The Associated Press reported Tuesday that Choe Myong Nam, a North Korean foreign ministry official in charge of U.N. affairs and human rights issues, had recently admitted that the camps existed in a U.N. briefing. "Both in law and practice, we do have reform through labor detention camps — no, detention centers — where people are improved through their mentality and look on their wrongdoings,” Choe reportedly said.
In the past, North Korea has completely denied any reports of the existence of a labor camp system. However, there has been growing criticism of the camps from outside sources. In 2003, the Committee for Human Rights in North Korea released a report that examined what it called a "Hidden Gulag" in North Korea: The second edition of that report, released in 2012, estimated that there were 150,000 to 200,000 people in the labor camp system, which it said had operated for decades. The camps have clearly been identified in satellite photos, and accounts from survivors (such as that told in former Post reporter Blaine Harden's book “Escape from Camp 14”) are numerous.

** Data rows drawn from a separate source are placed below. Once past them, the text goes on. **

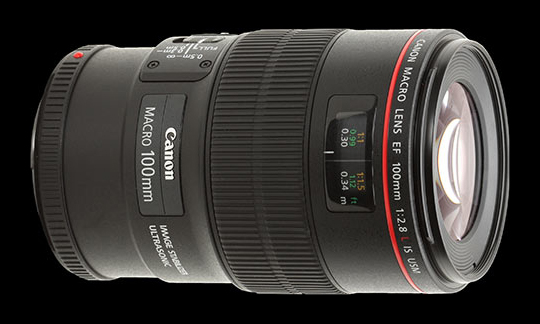 Canon EF 100mm F2.8 L IS USM Macro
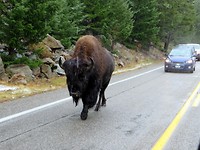 Meneer Bison maakt zijn ochtendwandeling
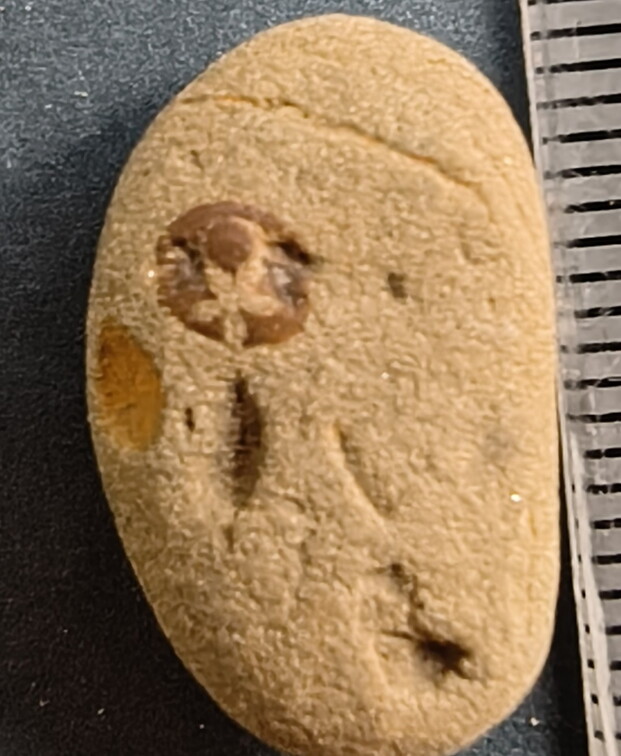 SRL41 Crinoid Imprint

A year-long investigation by the United Nations Commission of Inquiry on Human Rights in North Korea published its results at the start of this year, further shining a light on the camps. While the report's authors noted that numbers in the camps seemed to have decreased, there were still 80,000 to 120,000 people in the camps, imprisoned without trial for crimes as minor as criticizing the Kim dynasty or trying to organize Christian services. Entirely families are often punished for the perceived crimes of one member, the report noted, comparing the scale of the camps to Soviet gulags or Nazi Germany's political prison system.

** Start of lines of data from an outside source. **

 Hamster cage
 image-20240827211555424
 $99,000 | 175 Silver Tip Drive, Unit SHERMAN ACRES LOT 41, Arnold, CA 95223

North Korea's response to the U.N. report has been remarkable – a mixture of anger, insults and whataboutism. But there have also been some signs of introspection: A 53,558-word internal review of North Korean rights presented an improbably rosy view of the situation, but perhaps it was a start. Could the admission that the "labor detention centers" were real be another move forward?
Perhaps not. Adam Cathcart, editor in chief of North Korea-watching Web site Sino-NK, says that North Korea had already alluded to the concentration camps in its own human rights report, with the passage where it describes penalties that include “reform through labor for an indefinite period, reform through labor for a definite period, and disciplining through labor.”

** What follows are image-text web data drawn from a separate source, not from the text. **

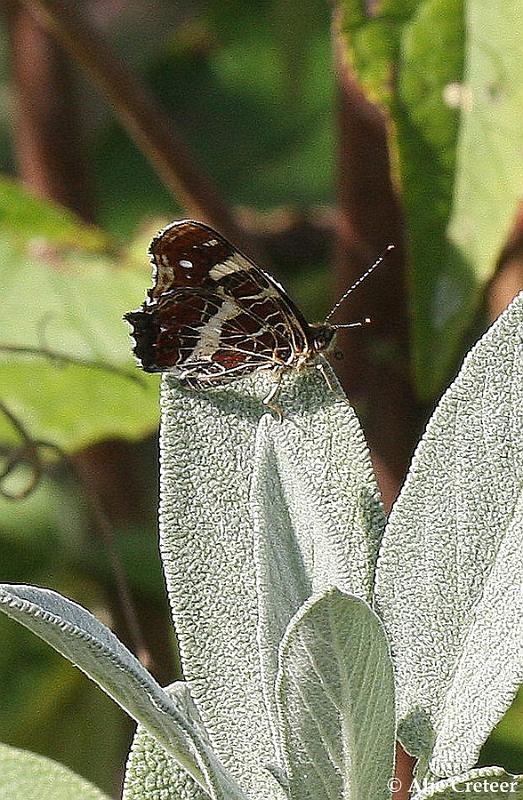 macro met ruis7.JPG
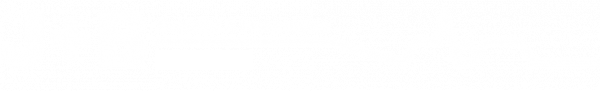 Naturschiefer Logo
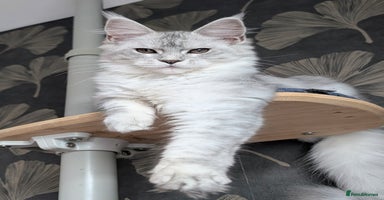 Maine Coon cats - Advert 11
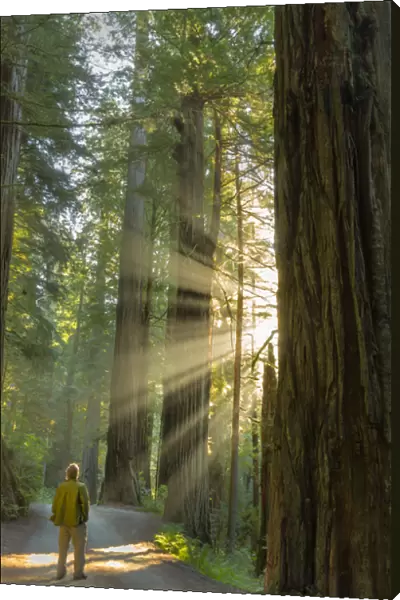 Self portrait in god rays among giant redwood trees in Jebediah, Smith State Park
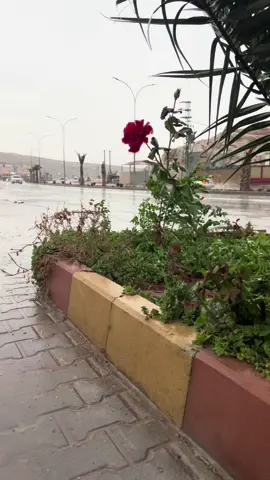 مطر#ادلب#سرمدا#حمص #تركيا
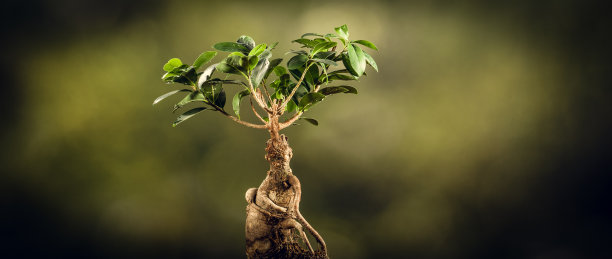 一个盆景树的特写，在自然的背景上。图片下载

Notably, Choe seems to have made a slip of the tongue when mentioning "camps," and corrected himself to refer to "centers." It's an important distinction to North Korea watchers. "He is *not* acknowledging the existence of political prison camps ... that we know about from former inmate/guard testimony and satellite imagery, but which [Pyongyang] has always denied the existence of," Sokeel Park, director of research and strategy at Liberty in North Korea, wrote on Facebook as news of Choe's comments spread, suggesting instead that Choe was talking about "reform through labor detention centers," a different and less-controversial system.
North Korea does appear to be making an attempt at dialogue about its human rights abuses, though it clearly wants to do so on its own terms. The semantics here are important, but perhaps even more important is the real-life action: On Wednesday, State Department spokeswoman Jen Psaki said that despite the apparent reference to the forced labor camps, the U.S. has not seen any action actually taken by North Korea to close the camps.